■ **TASK TO CARRY OUT**: Below are records with pictures. Reproduce exactly the lines from the line with "happy easter" to the line with "Clos Fourtet - Saint-Émilion", inclusive, and leave each picture out.

■ **AVAILABLE DATA**:
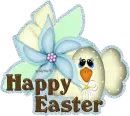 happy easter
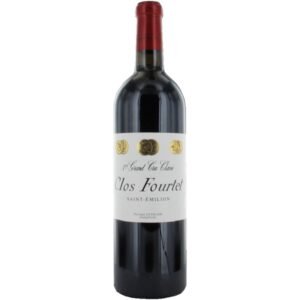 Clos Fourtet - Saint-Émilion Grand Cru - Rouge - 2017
...
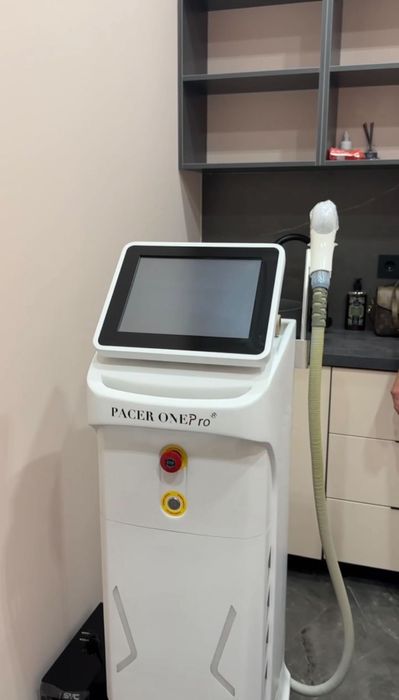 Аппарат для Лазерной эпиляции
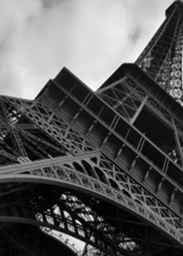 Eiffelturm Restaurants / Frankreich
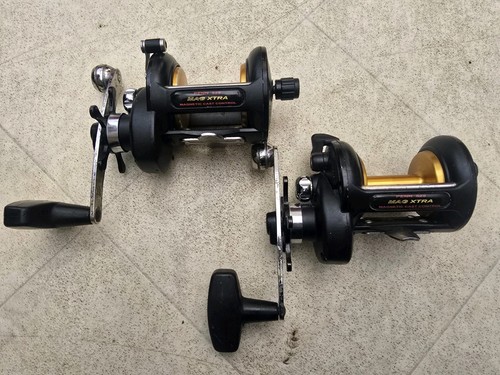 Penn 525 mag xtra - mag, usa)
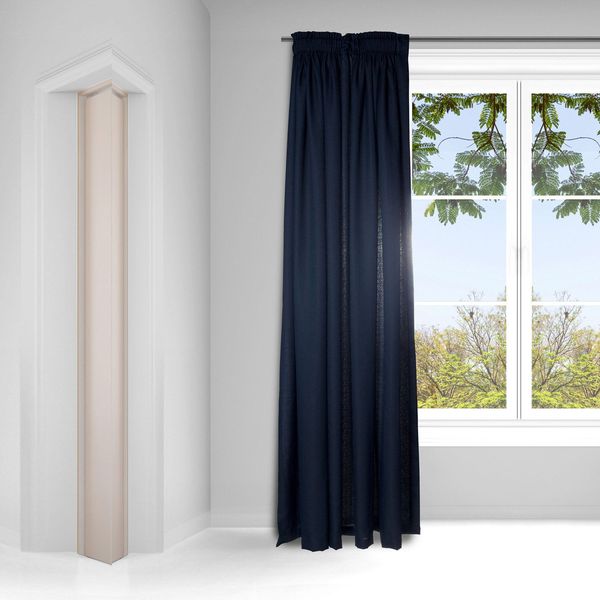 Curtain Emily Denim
* * *
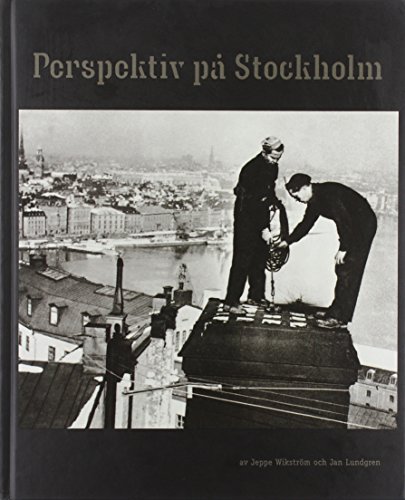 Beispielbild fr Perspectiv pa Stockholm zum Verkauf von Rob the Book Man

■ **SOLUTION**:
 happy easter
 Clos Fourtet - Saint-Émilion Grand Cru - Rouge - 2017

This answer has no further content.